The data were analysed manually with iterative, qualitative coding technique to identify patterns and themes within the data. The process, which was both inductive and deductive (cf. Patton, 2002) consisted of three 'passes': open coding, axial coding and selective coding (Strauss, 1987; Neuman, 2006). The open coding was used for organizing a selected part of the data into themes and files for (re)reading, locating themes and assigning initial codes on the field notes and transcripts. The axial coding targeted on identifying theme clusters in order to organize the material further either into broader themes or into narrower sub-themes. Finally, the selective coding was used to work through the established bank of themes. The present analysis focuses on a thematically relevant subset of the entire data (cf. Isah, 2012). Criteria for evaluating the trustworthiness of the analysis were credibility, transferability, dependability and confirmability (Lincoln and Guba,1985). Credibility and confirmability were attained by multiple methods that ensured cross-checking within different data points, transferability by relying on the conceptual framework of activity theory and the thick narrative, while dependability was attained by in-depth coverage of the object of study.

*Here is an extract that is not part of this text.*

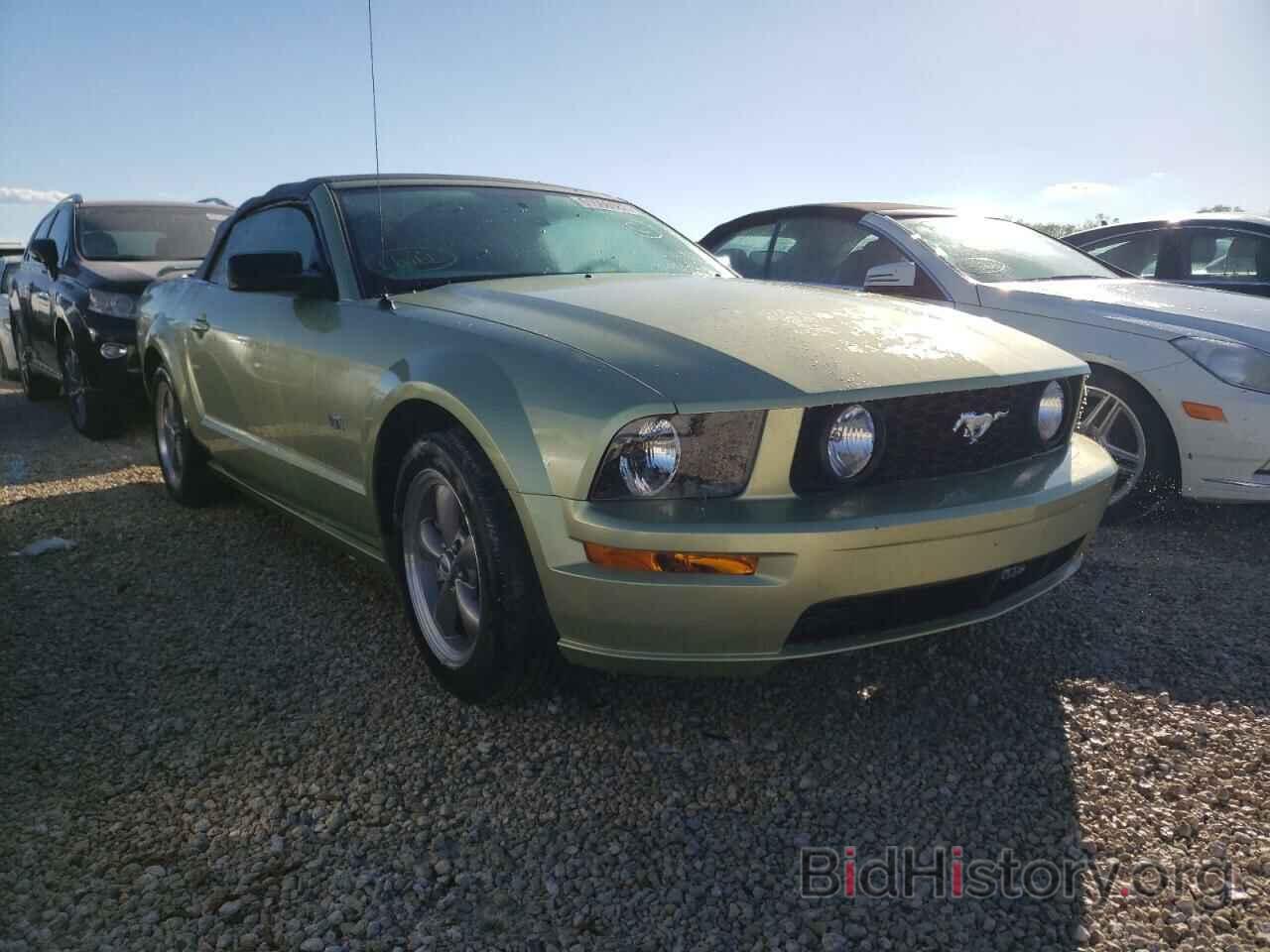 Photo 1ZVHT85H565128170 - FORD MUSTANG 2006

In the following presentation of findings, the participants are characterized either by their professional nomenclature or by their membership in the team as core or peripheral members in order to maintain confidentiality. There were five core members (two Consultants and three Senior Registrars) and ten peripheral members (four Registrars and six House Officers). This level of identification was found sufficient for the analysis of the empirical data and is in accordance with the confidentiality agreement with the team. All focus is on the team members, and patient’s anonymity was guaranteed by references only to the disease condition. This may prompt an occasional impression of objectification of patients and their passivity in the study, but this approach was adopted to ensure the protection of the patient identities and integrity. All participants interviewed and under research observation received a letter of consent and were informed about it prior the study. The study received the mandatory ethics approval from the Ethics and Research Committee of the university teaching hospital in question. More detailed description about methods is given in Isah and Byström (2016) and Isah (2012).
Findings
To understand physicians’ information practices, we needed to recognize the characteristics of patient care as a work activity. Concerning our empirical case, the main goals for the team were to provide: optimal therapeutic care for patients, effective treatment of patients with adverse drug reactions, and training medical students in clinical skills and competencies. These goals formulate the central motivation for the activity system in focus. Typical patient cases included systemic diseases such as diabetes, various forms of cardiovascular disease, geriatrics (elderly), retroviral diseases, as well as cases of drug reactions and allergies.
From the activity theoretical perspective, an activity is a form of doing directed towards an object (e.g., Kuutti, 1996, p. 27). In this study, the patient makes the object and provides the motivation for activity. Engeström (1990, p.109) describes a patient as 'the initial carrier and embodiment of the object, in whatever way the object is subsequently delineated and conceptualized'. Patients were viewed in two ways in our data. Firstly, the patient was seen as the raw material and the ‘problem space’ (Engeström, 1990) to which clinical activities were fixed. Engeström (1990) explains this view on a patient as a 'perceptual-concrete', an immediate appearance of the object that is transformed during the medical encounters into a pattern of clinical activities. Secondly, the patient was seen as a valuable information source for accomplishing the goal of the activity. Thus, the view on patients in the present study complies clearly with that of prior research.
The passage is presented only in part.